Assignment: The reply should reproduce every line of the data below word for word, minus any images.

——

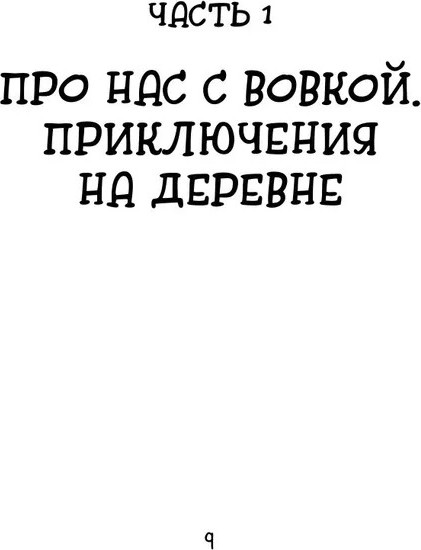 Изображение товара Книга Бомбора Про нас с Вовкой. История одного лета, твердая обложка (Асковд Андрей)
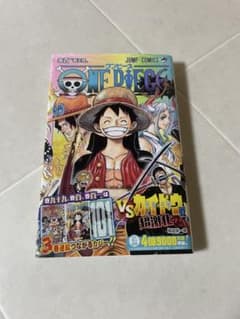 ONE PIECE 100巻 初版 帯付き 尾田栄一郎 ジャンプコミックス - メルカリ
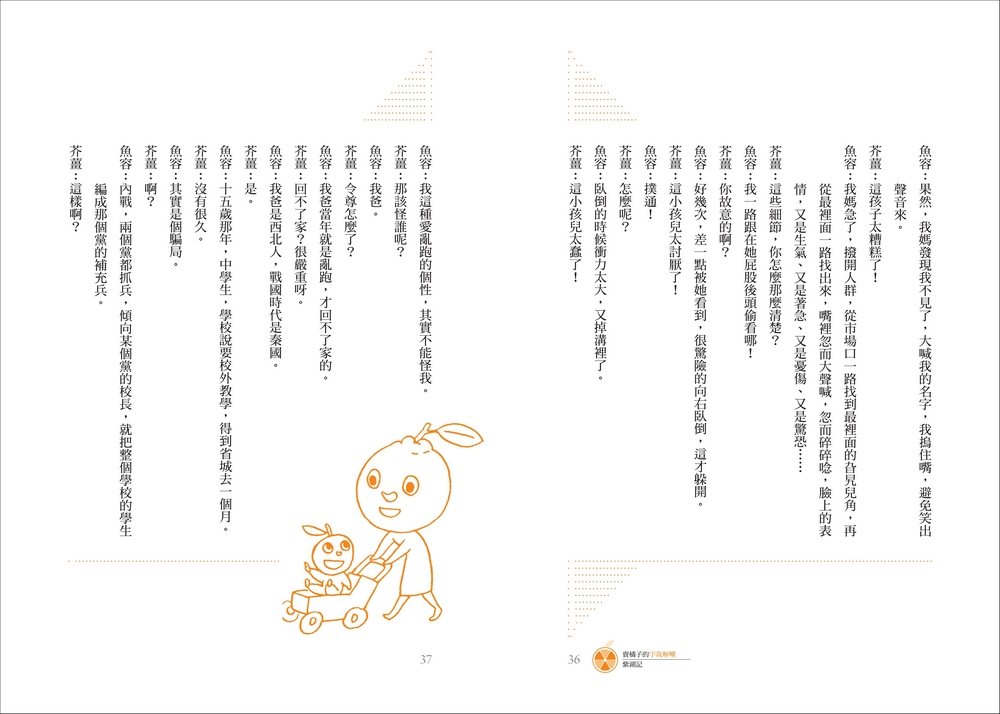 book1
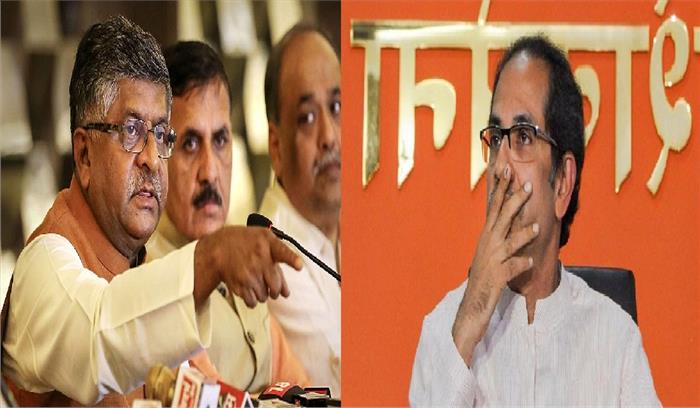 अनिल देशमुख के इस्तीफे पर मुख्यमंत्री उद्धव ठाकरे  चुप क्यों हैं: रविशंकर प्रसाद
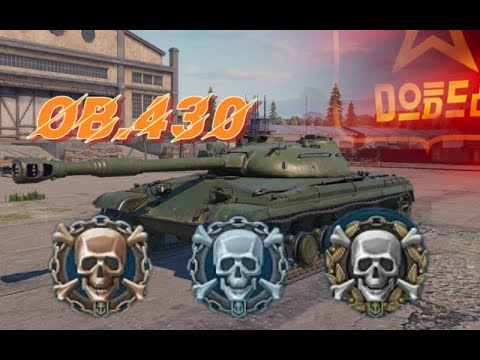 Видео: ▶️ OB.430🔥3 отметки(3)🦧заказной стрим📛#tankcompany#@KratosTankCompany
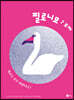 필로니모 7 포퍼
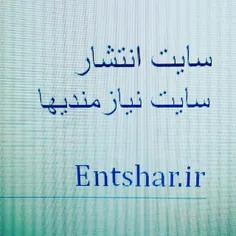 سلامت و تندرستی entshar 21619961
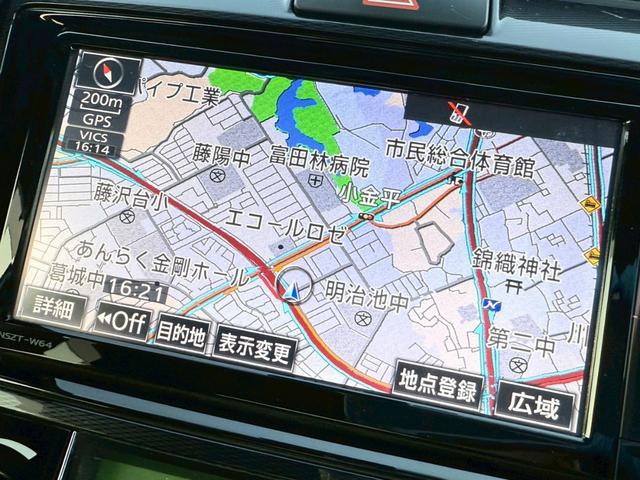 カローラアクシオ ハイブリッドＧ　禁煙車／純正ナビ／フルセグＴＶ／Ｂｌｕｅｔｏｏｔｈ／バックカメラ／ＥＴＣ／回転シート／プッシュスタート／スマートキー／ステアリングリモコン／スペアキー／ＤＶＤ再生（33枚目）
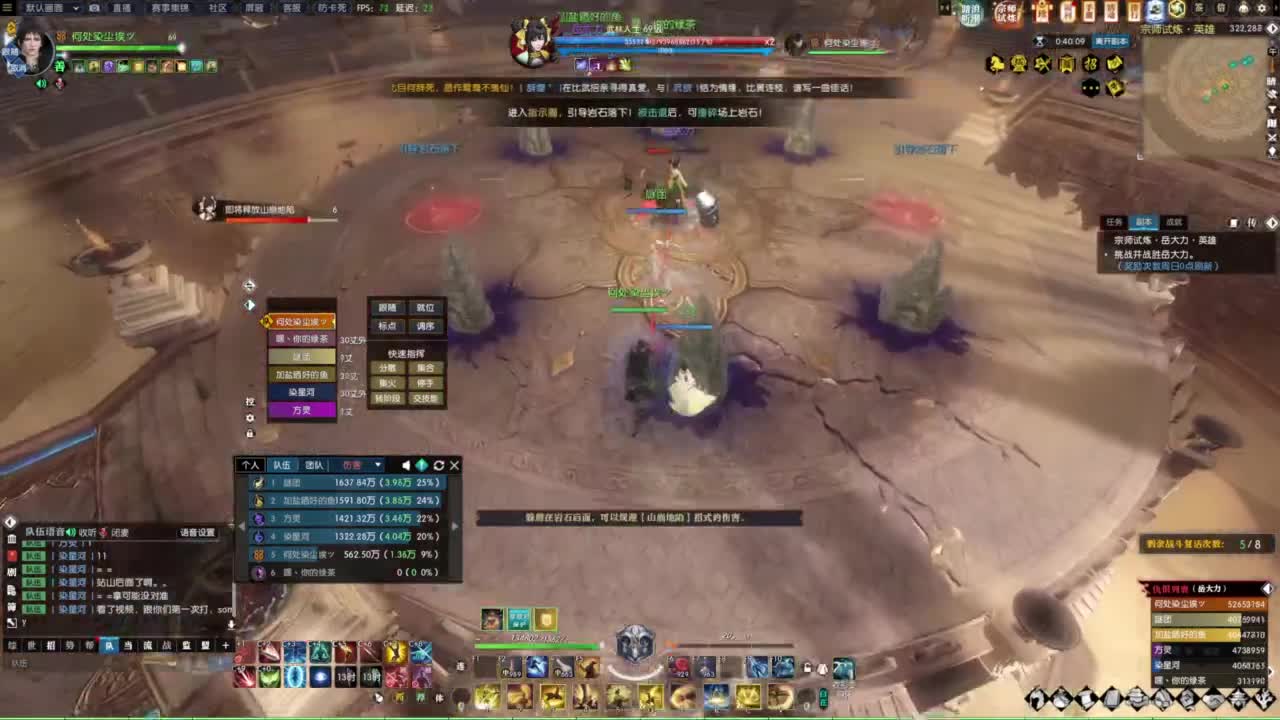 天天打鼓 第9段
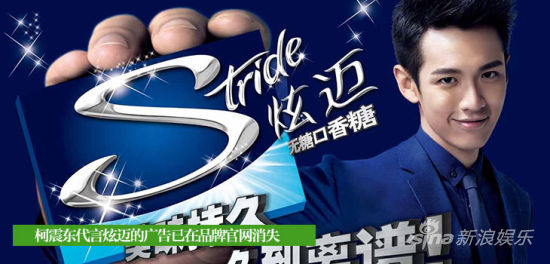 炫迈被台湾媒体误认为新型毒品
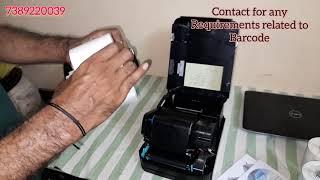 #Barcode PRINTER ROLL/LABEL change#TSC 244 Pro#Roll Change#LABEL INSTALLATION IN BARCODE PRINTER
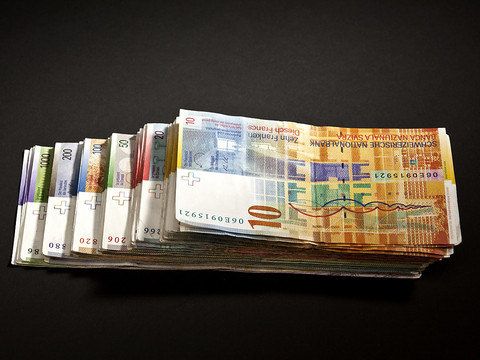Mesures d'économies en vue à La Chaux-de-Fonds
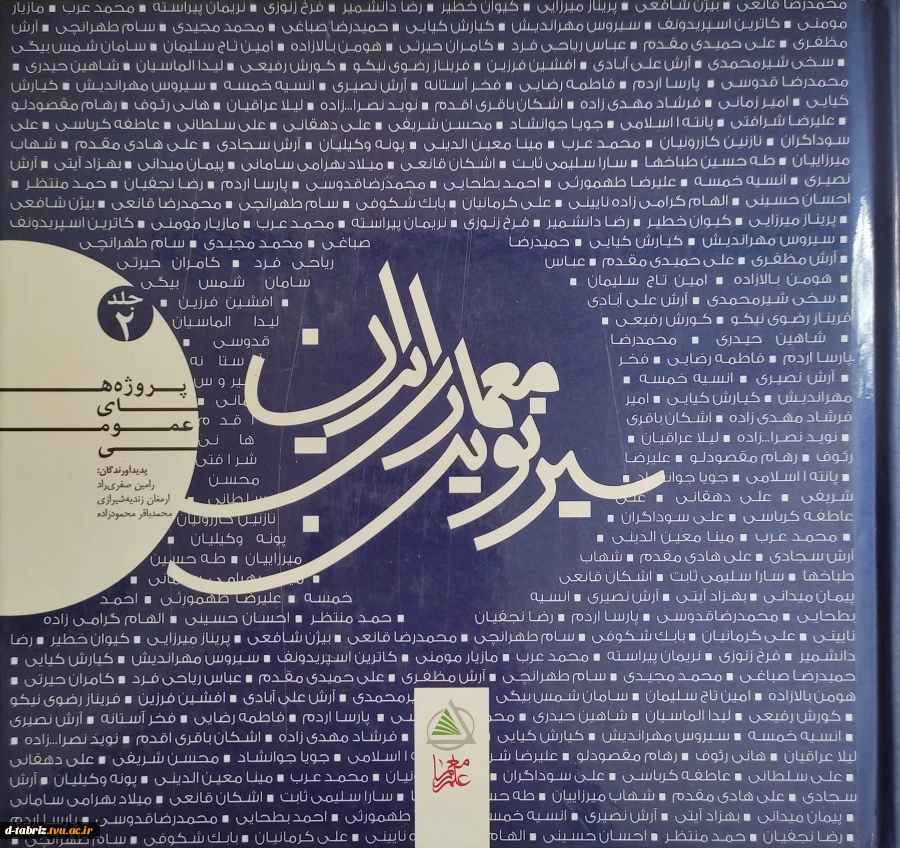کتاب سیر نوین معماری ایران(جلد2) 2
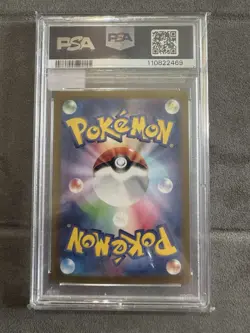 PSA 9 Kirlia 084/078 - Japanese SV1S-SCARLET ex - Pokemon Card 2023 Graded - Image 2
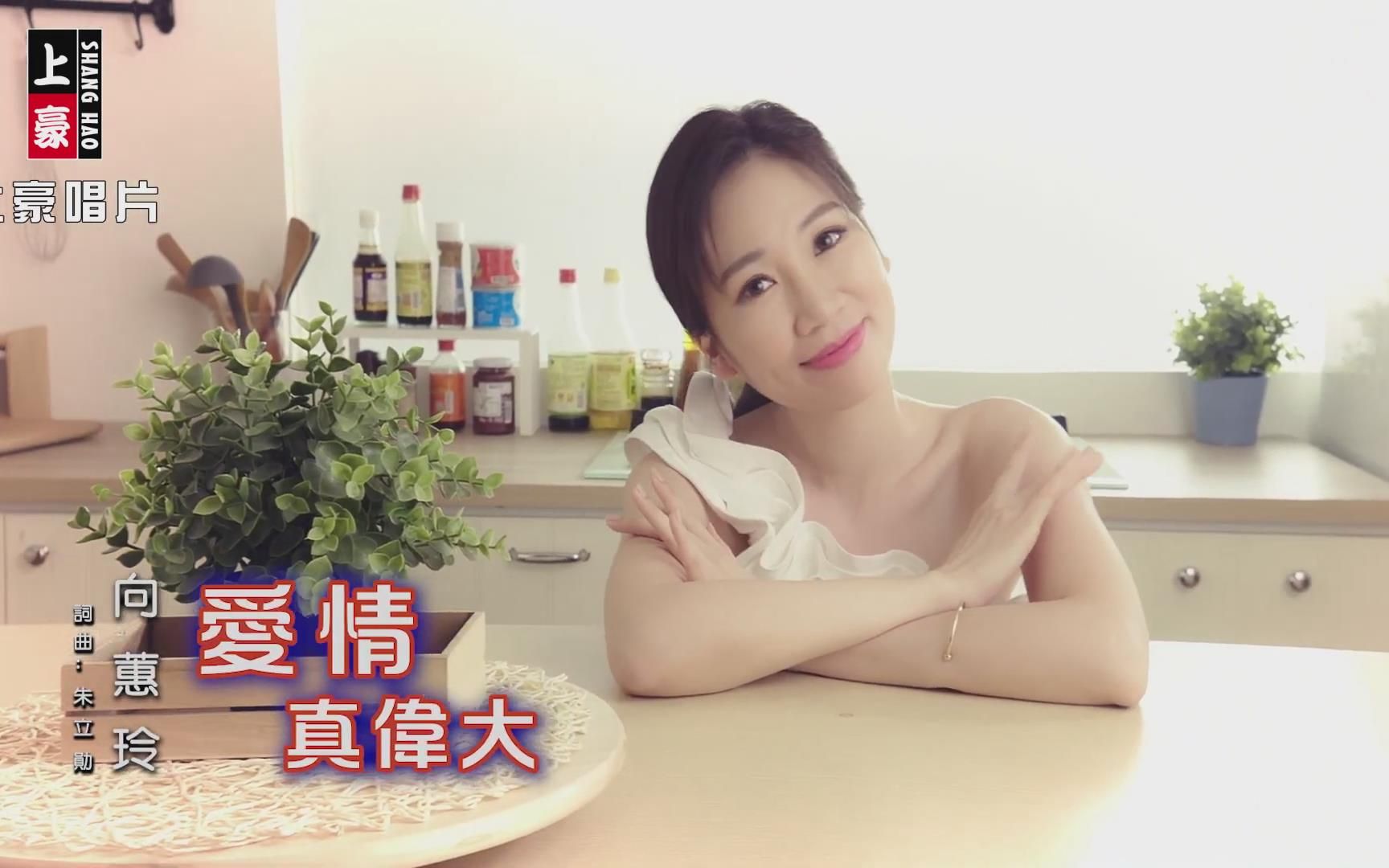 向蕙玲爱情真伟大(MV)哔哩哔哩bilibili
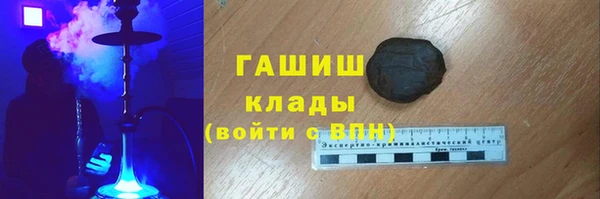 Альфа ПВП Калининец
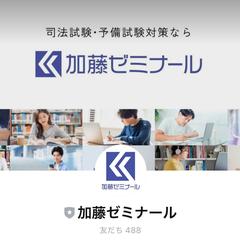 オンラインスクールのLINE公式アカウントを構築しました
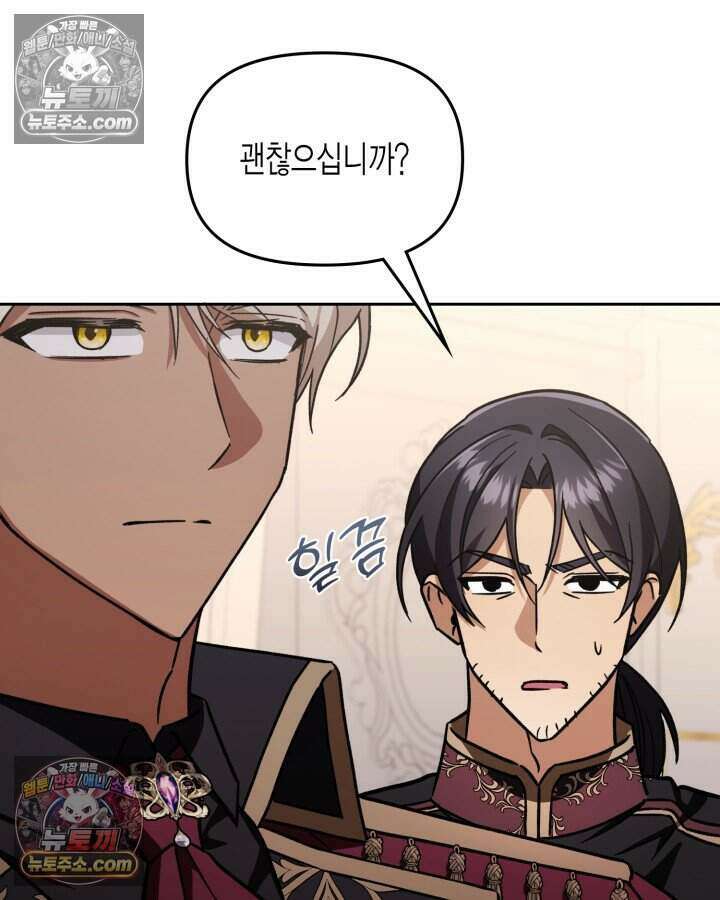 루벨파스트의 노예 21화 6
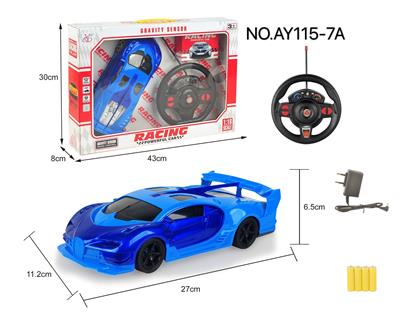 （新款）四通遥控 布加迪 1:16黑窗 - OBL822998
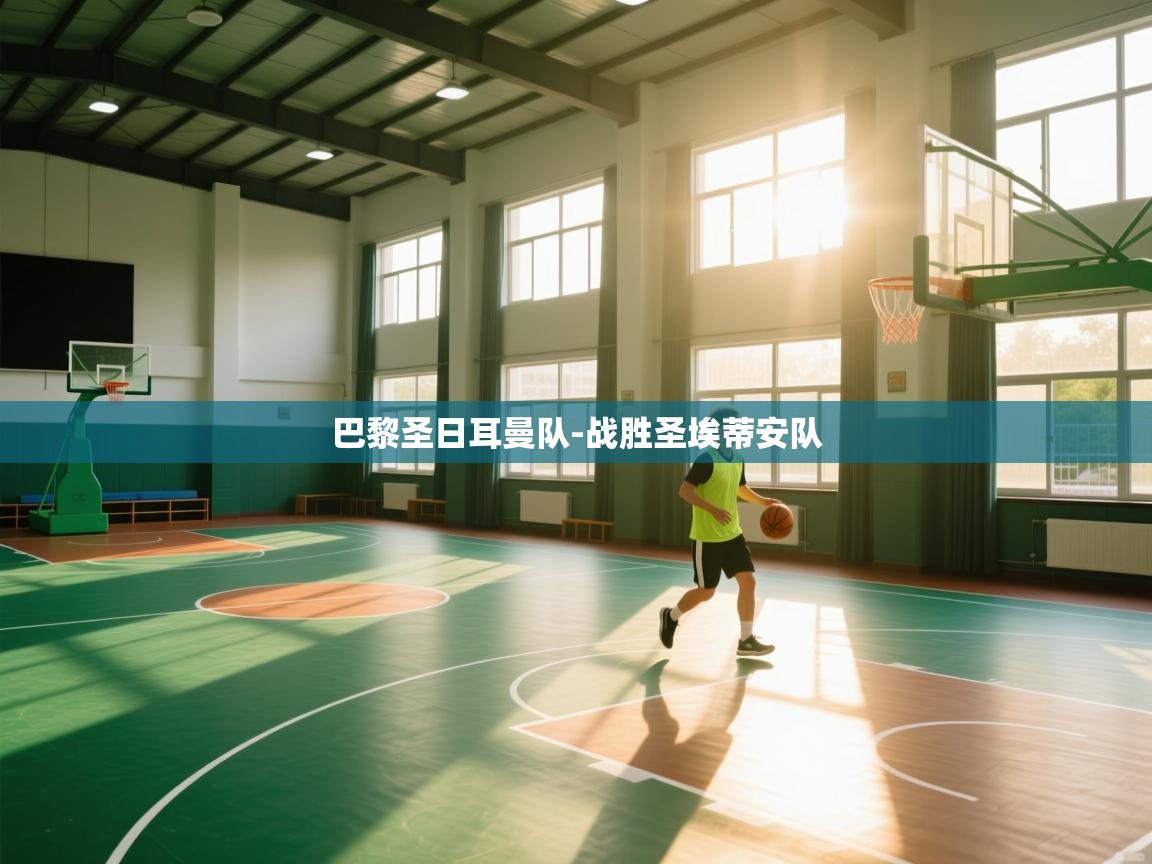 巴黎圣日耳曼队-战胜圣埃蒂安队  第2张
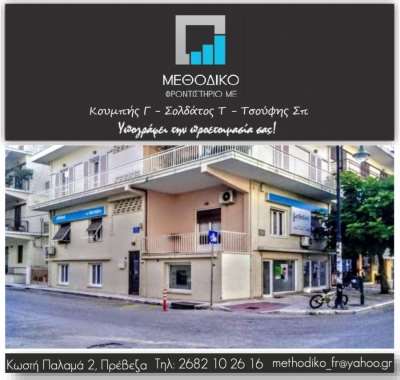 "Μεθοδικό" Φροντιστήριο ΜΕ - Υπογράφει την προετοιμασία σας!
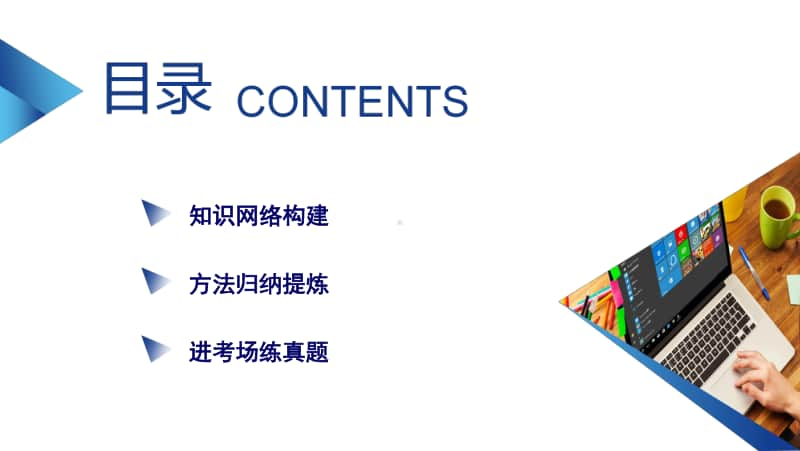 2021年高中物理人教版（新教材）必修第二册课件：第七章 万有引力与宇宙航行 章末小结.ppt_第3页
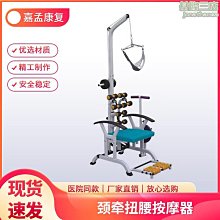 免運 頸部按摩儀 按摩儀康佳頸椎按摩器肩頸揉捏護理神器無線遙控智能熱敷理療護頸儀H60  露天市集  全台最大的網路購物 歷史價格詳細信息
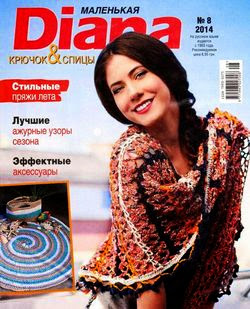  Diana №8  2014
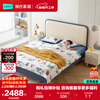 Lin's Home Simple Children's Bed Boy's Bedroom Furniture LH103 Blue + White A Ordinary Bed + Mattress, 1.5m*2m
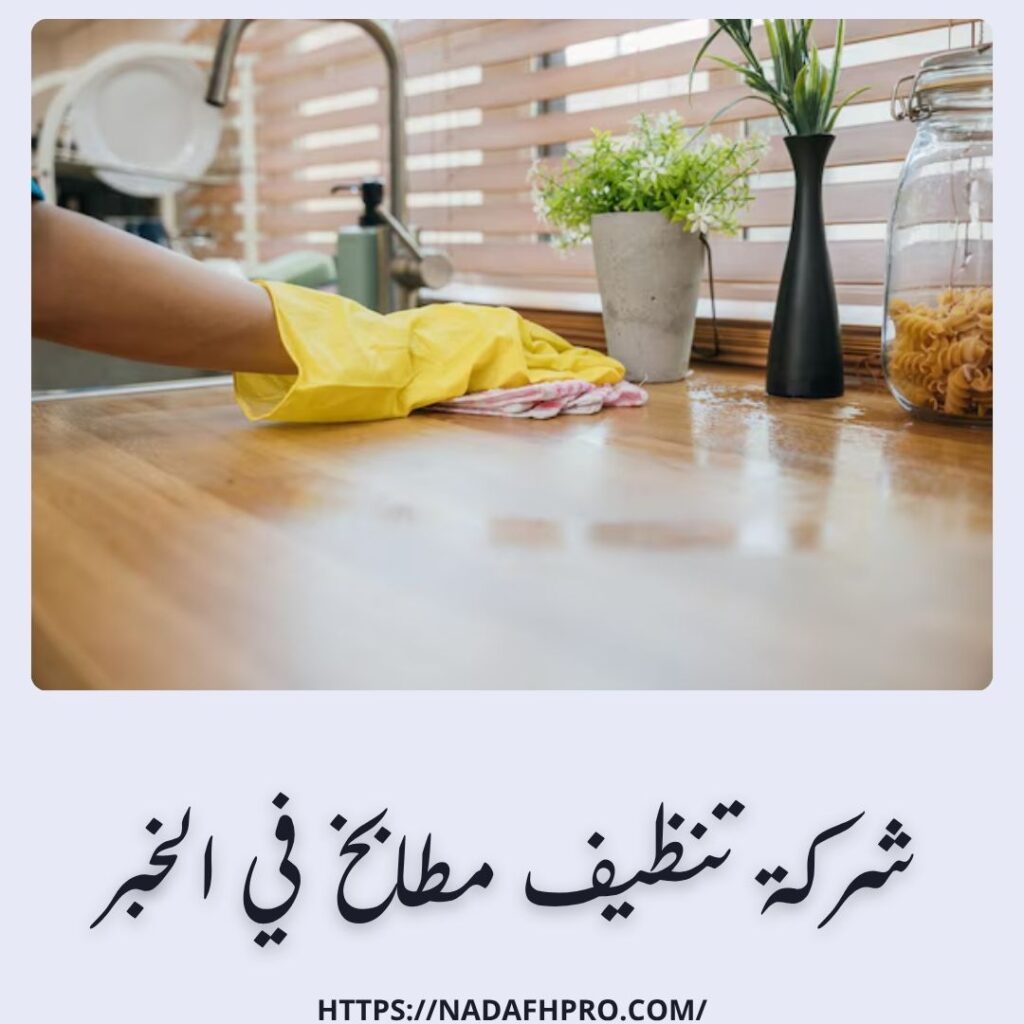 شركة تنظيف مطابخ في الخبر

——

Solution to this problem:
 Изображение товара Книга Бомбора Про нас с Вовкой. История одного лета, твердая обложка (Асковд Андрей)
 ONE PIECE 100巻 初版 帯付き 尾田栄一郎 ジャンプコミックス - メルカリ
 book1
 अनिल देशमुख के इस्तीफे पर मुख्यमंत्री उद्धव ठाकरे  चुप क्यों हैं: रविशंकर प्रसाद
 Видео: ▶️ OB.430🔥3 отметки(3)🦧заказной стрим📛#tankcompany#@KratosTankCompany
 필로니모 7 포퍼
 سلامت و تندرستی entshar 21619961
 カローラアクシオ ハイブリッドＧ　禁煙車／純正ナビ／フルセグＴＶ／Ｂｌｕｅｔｏｏｔｈ／バックカメラ／ＥＴＣ／回転シート／プッシュスタート／スマートキー／ステアリングリモコン／スペアキー／ＤＶＤ再生（33枚目）
 天天打鼓 第9段
 炫迈被台湾媒体误认为新型毒品
 #Barcode PRINTER ROLL/LABEL change#TSC 244 Pro#Roll Change#LABEL INSTALLATION IN BARCODE PRINTER
Mesures d'économies en vue à La Chaux-de-Fonds
کتاب سیر نوین معماری ایران(جلد2) 2
 PSA 9 Kirlia 084/078 - Japanese SV1S-SCARLET ex - Pokemon Card 2023 Graded - Image 2
 向蕙玲爱情真伟大(MV)哔哩哔哩bilibili
 Альфа ПВП Калининец
 オンラインスクールのLINE公式アカウントを構築しました
 루벨파스트의 노예 21화 6
 （新款）四通遥控 布加迪 1:16黑窗 - OBL822998
 巴黎圣日耳曼队-战胜圣埃蒂安队  第2张
 "Μεθοδικό" Φροντιστήριο ΜΕ - Υπογράφει την προετοιμασία σας!
 2021年高中物理人教版（新教材）必修第二册课件：第七章 万有引力与宇宙航行 章末小结.ppt_第3页
 免運 頸部按摩儀 按摩儀康佳頸椎按摩器肩頸揉捏護理神器無線遙控智能熱敷理療護頸儀H60  露天市集  全台最大的網路購物 歷史價格詳細信息
  Diana №8  2014
 Lin's Home Simple Children's Bed Boy's Bedroom Furniture LH103 Blue + White A Ordinary Bed + Mattress, 1.5m*2m
 شركة تنظيف مطابخ في الخبر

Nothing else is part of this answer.